Stanza 2:
one
side of the urn shows a piper playing a pipe beneath the trees, and
then a bold lover chasing his girl. How is this picture on the urn
different from a real life story?
Stanza 3:
This
difference is what leads to the exclamations in stanza 3. What is the
effect of the repetition of the words "happy" and "for ever"? If the
speaker praises the "happiness" of the permanent music, love and youth
on the urn, why, then, does he switch immediately to "breathing human
passion" and its pains?
Stanza 4:
From
the questions asked here, obviously this side of the urn shows neither
the altar (the destination) nor the little town (the starting
point)--but the procession on their way to the alter. What is the
significance? Also, why does the speaker addresses the little town
which is not shown on the urn?
Compare stanza 4 with the previous two. What aspect
of the urn do they all show, but treat differently?
The poem as a whole
2. With the stories described on the urn in mind, we can then
try to understand the metaphors and names for the urn in the 1st and
last stanzas. Is there, however, a difference between metaphors in the
first stanza ("bride," "child," "historian") and the names in the last
("attic shape," "fair attitude" "cold Pastoral")? If so, why?

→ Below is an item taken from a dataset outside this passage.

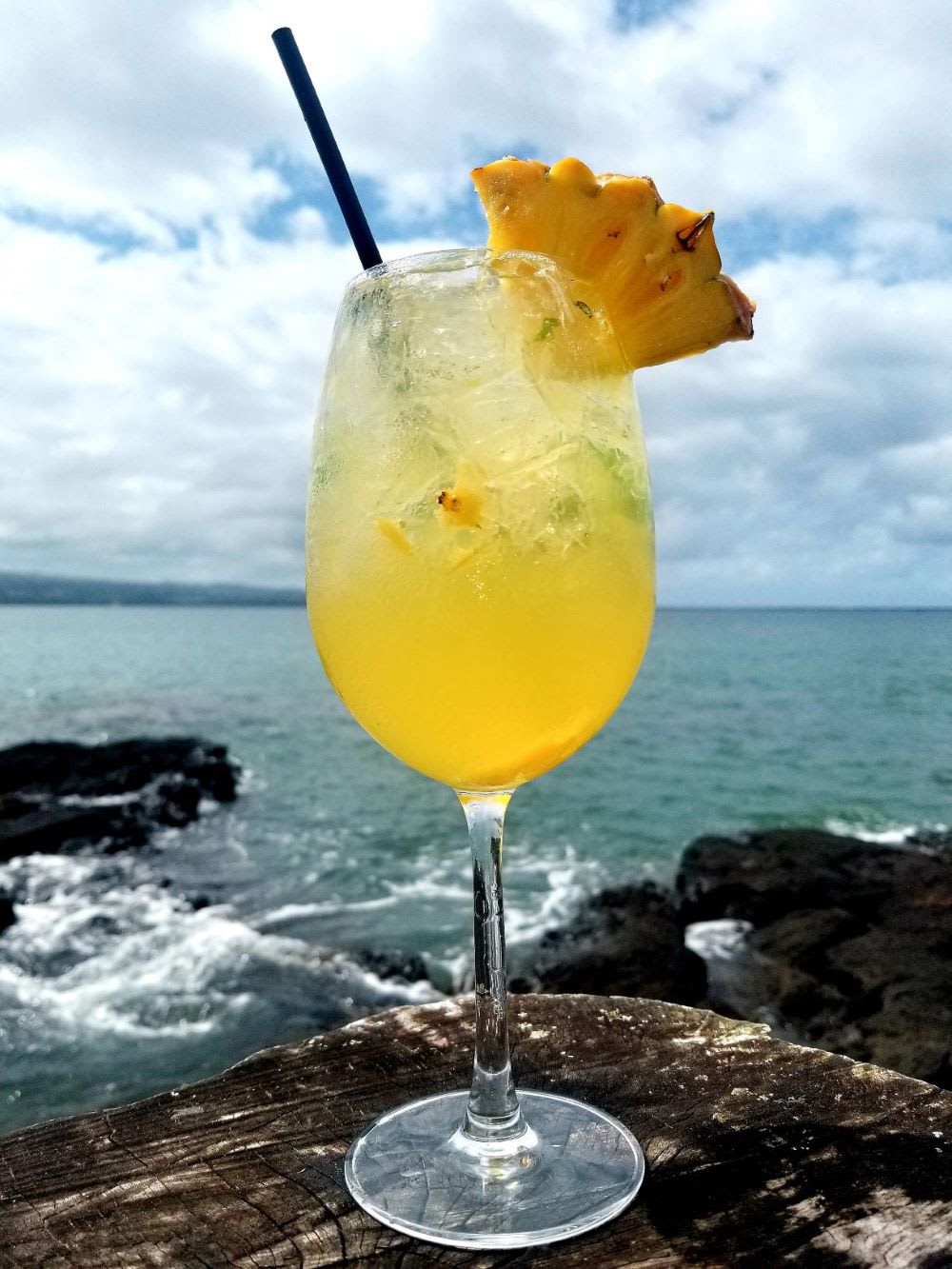 topical cocktail in front of ocean in hawaii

3. The last two lines may sound like a cliche and
then a repeated praise of the urn. But can they also be read
ironically? (Why does the urn
only know, and only need to
know, "Beauty is truth, and truth beauty)? Keep in
mind the contrast between the human world and the worlds shown on the
urn.
4. The poem is basically an apostrophe to an inanimate object. How does this rhetorical
device function in the poem? Does the poet apostrophize the
urn just to praise it? What does he get to
understand? The urn, and/or human beings' difference from it?
5.
Re-consider the development of the poem in terms of the poet's
attitudes. What stance, or attitude, does he take
in each stanza? Can we say that the poet "enter" the urn and
then leave it (or going through an empathic process)?